As the Animas River reflected the golden Sunday sunrise, Kenny Frost and Lyndreth Wall, prayed that the waterway would heal from recent heavy-metal pollution.
“Water is life; water is sacred,” said Frost, a Southern Ute Sun Dance Chief.
A heron soared over the river, as Frost and Wall, a Ute Mountain Ute, sang and prayed in Ute for the river.
About 20 people from all over the region came to be a part of the blessing at Santa Rita Park. At the same time, groups in other parts of the United States, Great Britain, Australia, Germany and Canada also prayed for the health of local and global waterways.
Frost hopes the blessing of the river can lead to an annual Indigenous Water Prayer Day, which would be held on the third Sunday of August. Internationally, it would draw attention to rivers and other waterways at risk from pollution. Locally, it would be a reminder of how the river ran orange this month and the potential for it to happen again.

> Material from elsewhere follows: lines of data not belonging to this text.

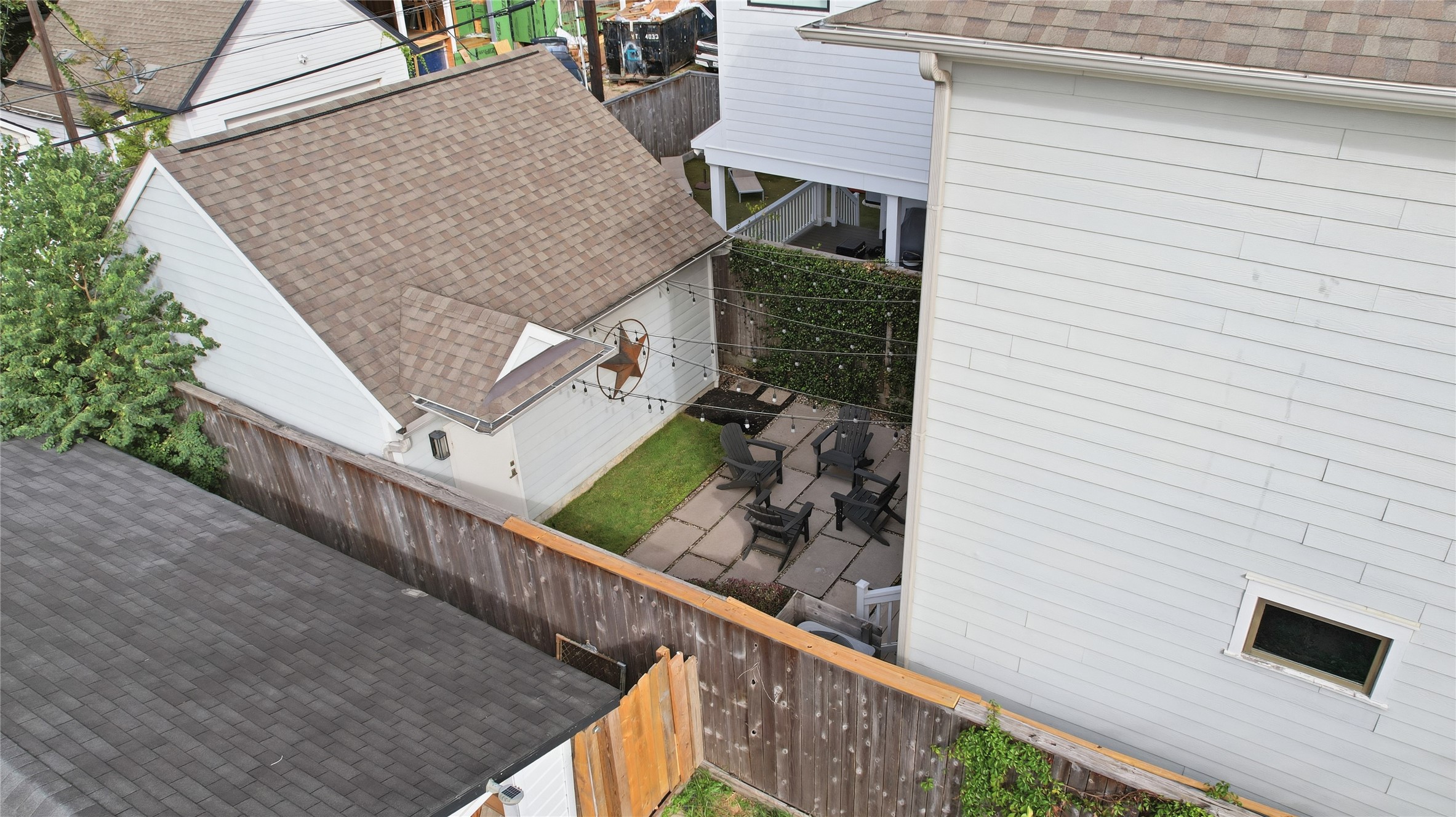 Fully fenced and thoughtfully designed, the backyard provides a charming gathering space.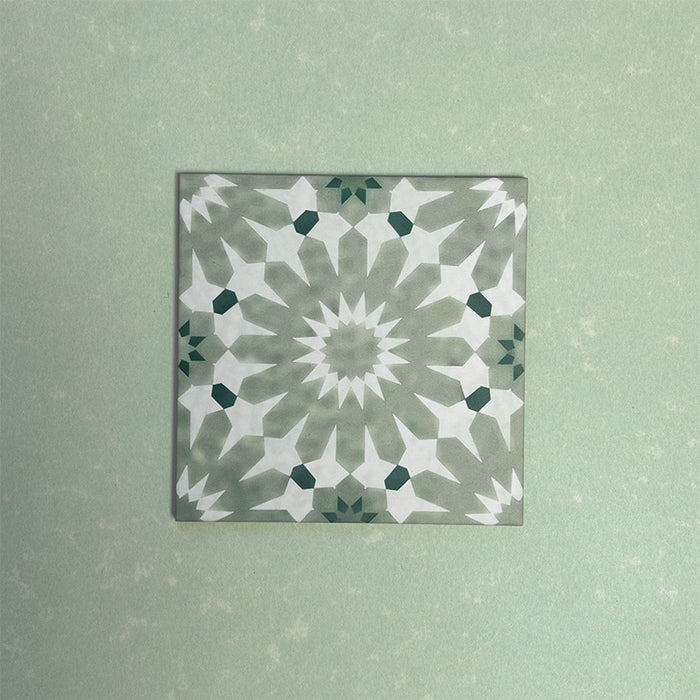 Fizaan Jade Green Moroccan-style 20×20cm porcelain tile featuring a soft green and white geometric star pattern.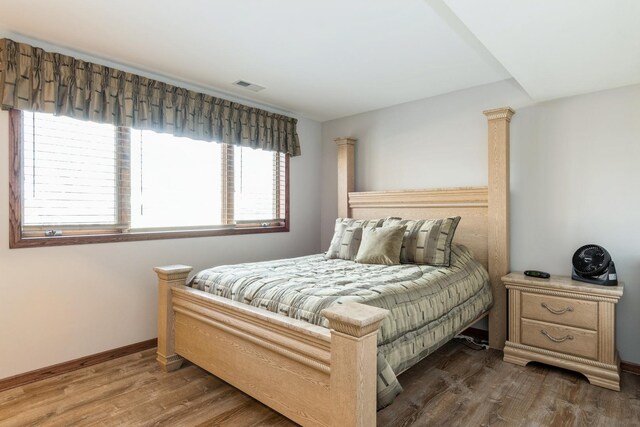 13707 W Carefree Dr, Homer Glen, IL 60491 - bedroom with wood finished floors and baseboards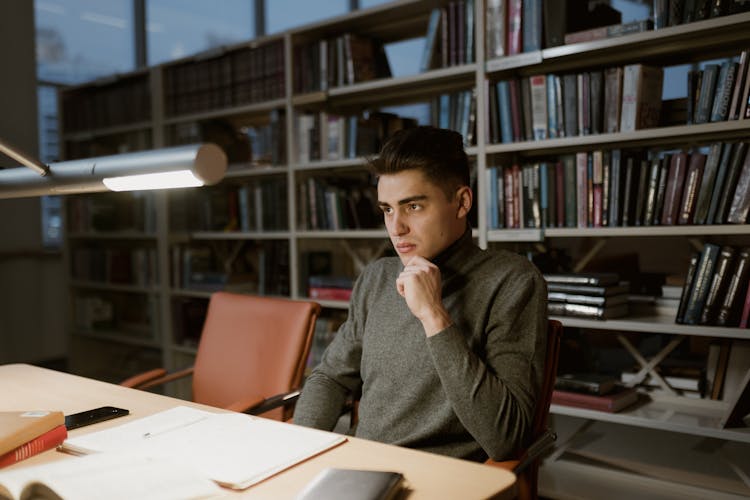 A Man In A Turtleneck Sweater In A Library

“The danger is still there,” he said.
A contract crew for the Environmental Protection Agency accidentally released about 3 million gallons of metal-laden water from the Gold King Mine on Aug. 5 in Silverton. The pollution flowed into the Animas River and later the San Juan River, temporarily closing both.
The Gold King is one of many mines near Silverton that was never reclaimed, and it still drains wastewater.
Frost gave the EPA a passing reference but chose to focus on healing the river and the importance of keeping rivers pure.
“We’re not going to blame anyone because we want to keep everything positive,” Frost said.
However, he did express skepticism about the safety of the river water, noting ongoing health advisories. Everyone is still advised to wash with soap and water after coming in contact with discolored river sediment.
He also highlighted the hardship that the pollution caused for those in New Mexico and on the Navajo Nation, where communities temporarily lost their water source for crops and livestock after the spill.
“This touched our sisters, our brothers, our neighbors to the south,” he said.
One resident of the Navajo Nation, Edward Joe, drove from Shiprock to be a part of the ceremony because so many regional farmers have been unable to use the water.
“I want to make it right for everybody,” he said.
After songs and prayer, Frost closed the ceremony by inviting everyone to bless the river by pouring in bottles of pure water and sprinkling handfuls of crushed corn over it.
“We all depend on water together; without water, there is no life,” he said.
Praying for the river has been a regular part of life for Durangoan Tamsen Wiltshire since the spill. She hoped praying with the group would add strength to the blessing.
“There’s power in prayer,” she said.